11,The Kerberos Wizard is going to create Kerberos principals for the different services in the cluster. To do that it needs a Kerberos Administrator ID.
- The ID created is:
cloudera-scm/admin@HADOOP.COM
- The screen shot shows how to enter this information. Recall the password is:
<cloudera-scm/admin password>
12,OK, you’re ready to let the Kerberos Wizard do its work. so, you can safely select “I’m ready to restart the cluster now” and then click “Continue.”
13,修改配置项
- 在nodemanager节点执行:
sudo rm -rf /hdfs*/yarn/nm/usercache/*
- YARN->Configration->min.user.id修改 1000 -> 500
- 删除 YARN->Configration->banned.users 中的yarn,hdfs
- HDFS->Configration->Cluster-wide Advanced Configuration Snippet (Safety Valve) for core-site.xml添加
hadoop.proxyuser.hive.hosts=*,hadoop.proxyuser.hive.groups=*
问题排查:
问题描述:
Requested user hdfs is not whitelisted and has id 598,which is below the minimum allowed 1000
解决方案:修改
min.user.id
值 1000 -> 500
问题描述:
main : run as user is dengsc
main : requested yarn user is dengsc
Can't create directory /hdfs01/yarn/nm/usercache/dengsc/appcache/application_1497517106808_0001 - Permission denied
解决方案:在nodemanager节点执行:sudo rm -rf /hdfs/yarn/nm/usercache/(未启用kerberos前目录权限为yarn:yarn,启用后变成dengsc:yarn,导致权限不兼容)
问题描述:
Error: Failed to open new session: java.lang.RuntimeException: java.lang.RuntimeException: org.apache.hadoop.ipc.RemoteException(org.apache.hadoop.security.authorize.AuthorizationException): User: hive is not allowed to impersonate hive
If the data in your system is not owned by the Hive user (i.e., the user that the Hive metastore runs as), then Hive will need permission to run as the user who owns the data in order to perform compactions. If you have already set up HiveServer2 to impersonate users, then the only additional work to do is assure that Hive has the right to impersonate users from the host running the Hive metastore. This is done by adding the hostname to hadoop.proxyuser.hive.hosts in Hadoop's core-site.xml file. If you have not already done this, then you will need to configure Hive to act as a proxy user. This requires you to set up keytabs for the user running the Hive metastore and add hadoop.proxyuser.hive.hosts and hadoop.proxyuser.hive.groups to Hadoop's core-site.xml file.
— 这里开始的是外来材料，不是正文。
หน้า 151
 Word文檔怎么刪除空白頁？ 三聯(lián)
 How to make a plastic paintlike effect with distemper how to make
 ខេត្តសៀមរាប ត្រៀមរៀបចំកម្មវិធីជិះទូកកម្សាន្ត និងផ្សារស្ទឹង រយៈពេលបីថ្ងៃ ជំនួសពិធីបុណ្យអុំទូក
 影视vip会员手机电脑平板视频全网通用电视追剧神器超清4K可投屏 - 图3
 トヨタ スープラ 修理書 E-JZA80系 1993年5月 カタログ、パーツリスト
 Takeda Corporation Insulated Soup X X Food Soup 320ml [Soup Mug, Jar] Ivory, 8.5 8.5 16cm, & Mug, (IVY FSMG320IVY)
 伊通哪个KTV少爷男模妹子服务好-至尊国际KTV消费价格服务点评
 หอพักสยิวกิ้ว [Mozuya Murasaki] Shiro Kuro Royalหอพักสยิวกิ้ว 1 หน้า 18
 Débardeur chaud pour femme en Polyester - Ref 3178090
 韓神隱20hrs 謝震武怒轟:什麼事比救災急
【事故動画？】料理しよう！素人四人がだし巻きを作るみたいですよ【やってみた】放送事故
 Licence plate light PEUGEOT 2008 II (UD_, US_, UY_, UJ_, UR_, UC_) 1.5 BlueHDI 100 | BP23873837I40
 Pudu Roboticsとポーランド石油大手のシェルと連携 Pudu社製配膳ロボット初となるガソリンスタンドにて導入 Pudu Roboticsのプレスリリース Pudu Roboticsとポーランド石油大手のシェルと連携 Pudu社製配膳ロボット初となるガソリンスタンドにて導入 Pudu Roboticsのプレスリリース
参考链接:https://community.hortonworks.com/questions/34468/hive-impersonation-not-working-after-hdp-upgrade-t.html
https://cwiki.apache.org/confluence/display/Hive/Hive+Transactions#HiveTransactions-ConfigurationValuestoSetforCompaction
解决方案:/etc/hadoop/conf/core-site.xml添加参数
hadoop.proxyuser.hive.hosts=*,hadoop.proxyuser.hive.groups=*
问题描述:
YARN Container Usage Aggregation
Failed to run MapReduce job to aggregate YARN container usage metrics.
解决方案:删除 YARN->Configration->banned.users 中的yarn,hdfs.
问题描述
# 关于Hadoop安全集群和非安全集群间Distcp的使用
需求:有两个集群,网络中节点是互通的,现在要用distcp进行文件迁移,但一个集群是非安全集群,一个是配置了kerberos认证的安全集群,怎么执行呢?
前提:两个集群都做了HA配置,所以要通过如下命令查看活动Namenode并获取其IP地址;
HA配置查看活动Namenode:hdfs haadmin -getServiceState nn1或nn2(namenode名);
解决方案:
hadoop distcp -D ipc.client.fallback-to-simple-auth-allowed=true -D dfs.checksum.type=CRC32 webhdfs://namenodeIP:50070/data/ /data
命令中直接回退安全配置,同时采用webhdfs来传输,不过这个采用restfull机制,有IO阻塞风险。
hadoop distcp -D ipc.client.fallback-to-simple-auth-allowed=true webhdfs://namenodeIP:50070/flume/data/ /data/
大文件传输时,去掉校验-D dfs.checksum.type=CRC32
就正常。
问题思考
- CM页面修改kerberos配置后需要停止整个集群才能分发kerberos文件。 --需停止集群所有服务包括CM monitor才能分发krb5.conf文件。
- 页面不支持配置KDC高可用? --可通过自定义配置页添加高可用kdc,需重启集群。
- kerberos用户属组问题? --继承原用户及ACL配置。
- 可能引发组件权限问题?
- 各组件如何平滑过渡?